- What this task involves:
Below are the records; copy exactly the stretch from the line containing "暴雨狂炸…宜蘭亮淹水警報「馬路變成河」 民眾傻眼：10年沒見過" through the line containing "ein Bad mit", both ends included, and nothing else.

(Dataset content begins)

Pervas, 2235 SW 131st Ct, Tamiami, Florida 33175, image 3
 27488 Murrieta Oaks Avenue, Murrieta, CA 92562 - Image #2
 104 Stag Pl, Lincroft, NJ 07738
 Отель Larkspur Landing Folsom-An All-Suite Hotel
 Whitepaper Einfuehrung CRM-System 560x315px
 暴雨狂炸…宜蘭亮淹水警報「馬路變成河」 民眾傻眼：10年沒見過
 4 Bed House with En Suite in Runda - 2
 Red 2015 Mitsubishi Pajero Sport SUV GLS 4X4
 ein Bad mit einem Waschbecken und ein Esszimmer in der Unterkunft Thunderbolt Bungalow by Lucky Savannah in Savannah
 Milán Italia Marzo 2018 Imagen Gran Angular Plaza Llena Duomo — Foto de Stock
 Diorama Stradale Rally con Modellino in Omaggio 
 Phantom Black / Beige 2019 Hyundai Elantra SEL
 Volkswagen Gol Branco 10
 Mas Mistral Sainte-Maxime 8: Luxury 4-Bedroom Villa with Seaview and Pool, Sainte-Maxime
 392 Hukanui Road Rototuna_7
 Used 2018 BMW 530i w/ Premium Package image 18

(Dataset content ends)

- Task solution:
 暴雨狂炸…宜蘭亮淹水警報「馬路變成河」 民眾傻眼：10年沒見過
 4 Bed House with En Suite in Runda - 2
 Red 2015 Mitsubishi Pajero Sport SUV GLS 4X4
 ein Bad mit einem Waschbecken und ein Esszimmer in der Unterkunft Thunderbolt Bungalow by Lucky Savannah in Savannah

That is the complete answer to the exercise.